Prof. Dr. Yaochu Jin received the B.Sc., M.Sc., and Ph.D. degrees from Zhejiang University, Hangzhou, China in 1988, 1990 and 1996, respectively, and the Dr.-Ing. degree from Ruhr University Bochum, Germany in 2001. He is currently an Alexander von Humboldt Professor for AI and Head of the Nature-Inspired Computing and Engineering (NICE) Group, Faculty of Technology, Bielefeld University, Germany. His research interests include computational approaches to understanding evolution, learning and development in biology, and biological approaches to solving complex engineering problems. He was the Program Chair of the 2013 IEEE Congress on Evolutionary Computation, Conference Chair of the 2020 IEEE Congress on Evolutionary Computation, and General Co-Chair of the 2016 IEEE Symposium Series on Computational Intelligence.

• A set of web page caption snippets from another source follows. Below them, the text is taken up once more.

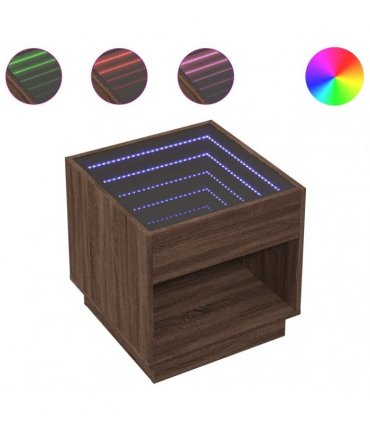 vidaXL Bedside Table with Infinity LED Brown Oak 50x50x50 cm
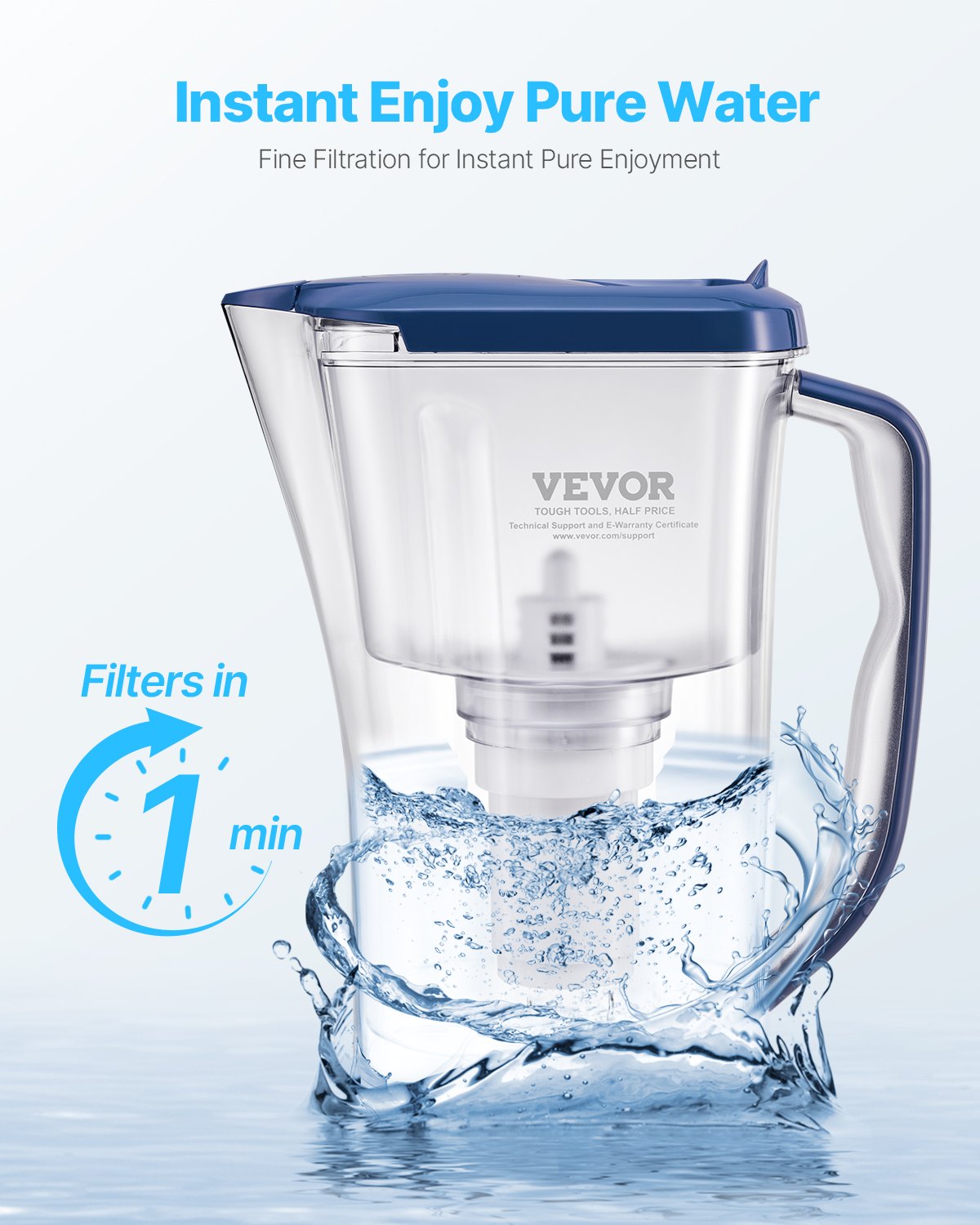 VEVOR Pitcher Water Filters 3-pack Replacements for Water Filter Pitcher 6216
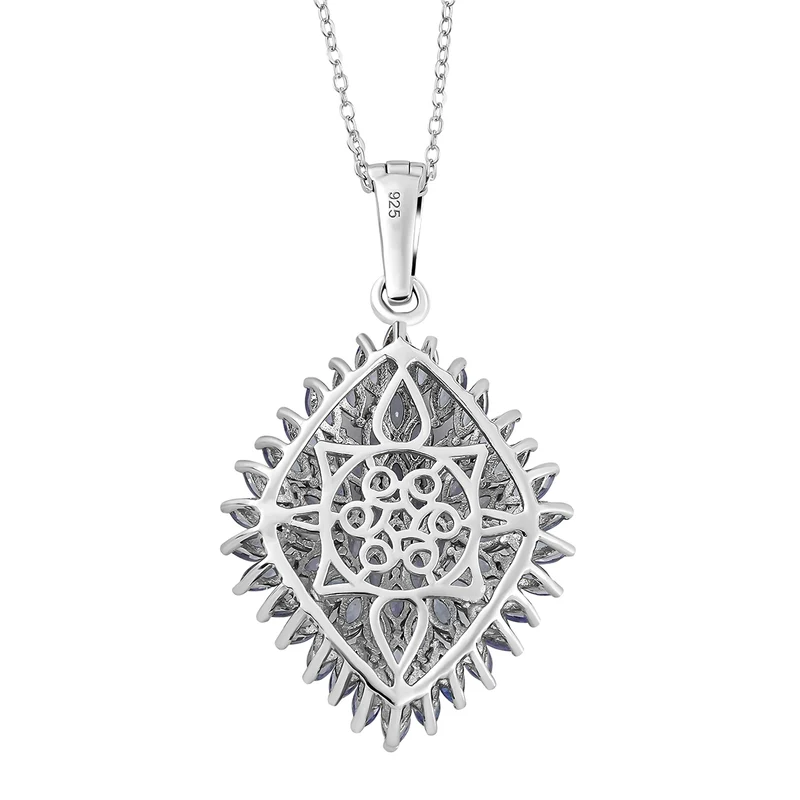 Tansanit-Anhänger mit Kette, 925 Silber platiniert ca. 4.48 ct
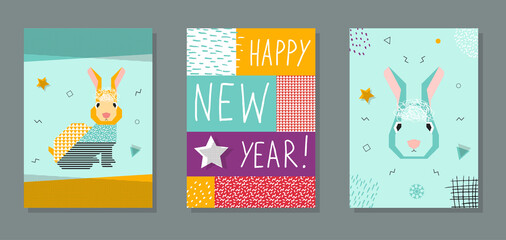 Happy New Year 2023. Set of  cards with the symbol of the Chinese New Year. Abstract modern illustration with rabbits. Graphic character.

Prof. Jin is an Associate Editor the IEEE Transactions on Evolutionary Computation and IEEE Transactions on Cybernetics. He has given plenary / keynote talks on over 50 international conferences on various topics, including data-driven optimization, federated learning and optimization, morphogenetic robotics, and multi-objective machine learning. He is a Member of Academia Europaea and Fellow of IEEE.